▶ _Instructions to follow_:
After finding the line that holds "with blurred computers." below, set down that line and the rest through the final one exactly, leaving the pictures out.

▶ _Stored data_:
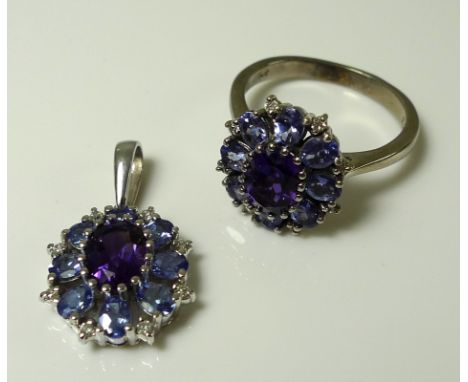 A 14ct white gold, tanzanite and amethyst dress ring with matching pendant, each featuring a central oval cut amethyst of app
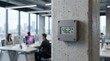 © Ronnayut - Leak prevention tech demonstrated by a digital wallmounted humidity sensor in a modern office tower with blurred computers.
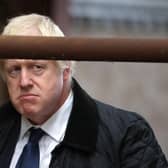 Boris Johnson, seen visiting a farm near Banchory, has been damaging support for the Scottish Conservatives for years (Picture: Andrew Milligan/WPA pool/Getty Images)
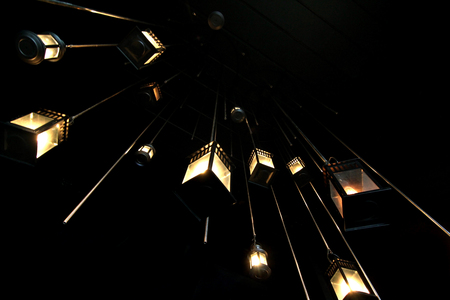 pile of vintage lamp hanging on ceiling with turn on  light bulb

▶ _Reply to the exercise_:
 © Ronnayut - Leak prevention tech demonstrated by a digital wallmounted humidity sensor in a modern office tower with blurred computers.
 Boris Johnson, seen visiting a farm near Banchory, has been damaging support for the Scottish Conservatives for years (Picture: Andrew Milligan/WPA pool/Getty Images)
 pile of vintage lamp hanging on ceiling with turn on  light bulb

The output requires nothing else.